I need help to solve this problem and here is my code:
private Bitmap loadPic;
byte[] imageArray;
double[] dImageArray;
private void btnLoad_Click(object sender, EventArgs e)
{
try
{
OpenFileDialog open = new OpenFileDialog();
open.Filter = "Image Files(*.jpg; *.jpeg; *.gif; *.bmp)|*.jpg; *.jpeg; *.gif; *.bmp";
if (open.ShowDialog() == DialogResult.OK)
{
pictureBox1.Image = new Bitmap(open.FileName);
loadPic = new Bitmap(pictureBox1.Image);
}
}
catch
{
throw new ApplicationException("Failed loading image");
}
pictureBox1.SizeMode = PictureBoxSizeMode.StretchImage;
}
private void btnConvert_Click(object sender, EventArgs e)
{
imageArray = imageToByteArray(loadPic);
int index = imageArray.Length;
dImageArray = new double[index];
for (int i = 0; i < index; i++)
{
dImageArray[i] = BitConverter.ToDouble(imageArray,i);
}
}
public byte[] imageToByteArray(Image imageIn)
{
MemoryStream ms = new MemoryStream();
imageIn.Save(ms, ImageFormat.Gif);
return ms.ToArray();
}
BitConverter.ToDouble(byte[], int)
uses eight bytes to construct a 64-bit double, which explains your problem (once you get to the 7th to last element, there are no longer eight bytes left). I'm guessing this is not what you want to do, based on how you set up your loop.
I imagine you want something like:
for(int i = 0; i < index; i++)
{
dImageArray[i] = (double)imageArray[i];
}
Edit - or using LINQ, just for fun:
double[] dImageArray = imageArray.Select(i => (double)i).ToArray();
On the other hand...
If BitConverter is definitely what you want, then you'll need something like:
double[] dImageArray = new double[imageArray.Length / 8];
for (int i = 0; i < dImageArray.Length; i++)
{
dImageArray[i] = BitConverter.ToDouble(imageArray, i * 8);
}
Again, based on your code, I think the first solution is what you need.
class Program
{
static void Main(string[] args)
{
Program p = new Program();
p.Test();
}
private void Test()
{
Image i = Image.FromFile(#"C:\a.jpg");
Bitmap b = new Bitmap(i);
MemoryStream ms = new MemoryStream();
b.Save(ms, System.Drawing.Imaging.ImageFormat.Gif);
byte[] by = ms.ToArray();
double[] db = new double[(int)(Math.Ceiling((double)by.Length / 8))];
int startInterval = 1;
int interval = 8;
int k = 0;
byte[] bys = new byte[8];
int n = 1;
for (int m = startInterval; m <= interval && m<=by.Length; m++,n++)
{
bys[n-1] = by[m-1];
if (m == interval)
{
db[k] = BitConverter.ToDouble(bys, 0);
startInterval += 8;
interval += 8;
k++;
n = 0;
Array.Clear(bys, 0, bys.Length);
}
if (m == by.Length)
{
db[k] = BitConverter.ToDouble(bys, 0);
}
}
}
}
I think you need to back up a bit and explain what you are actually trying to do.
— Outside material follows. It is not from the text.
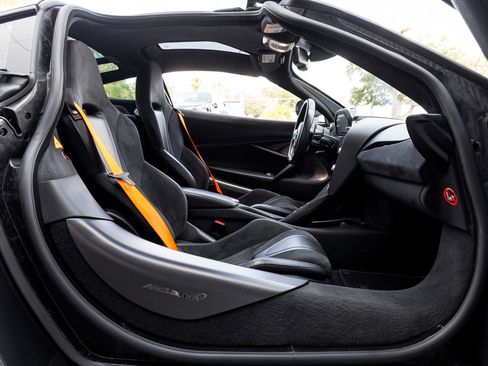 Used 2019 McLaren 720S Performance image 32
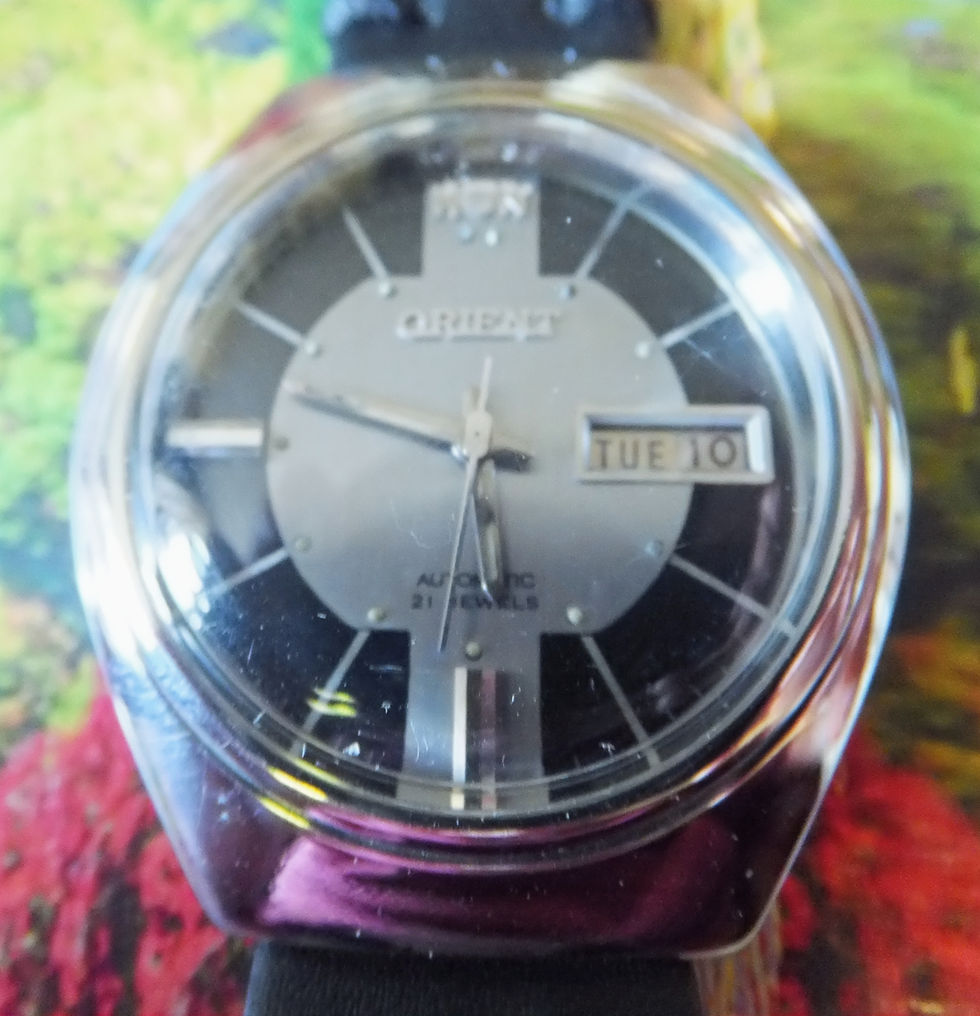 Thumbnail: Black & Gunmetal Dial 1970's Orient Automatic Japanese Made Watch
Each BitConverter.ToDouble will convert 8 consecutive bytes into 1 double. If you start at the next position in the byte array, you are using 7 bytes that have already been used. Since each conversion will need 8 bytes, you will need to stop at Length - 7.
Anyway, you are going to end up inflating the size of the data by a factor of 8.
I think some explanation of what this is for might help you get some better answers.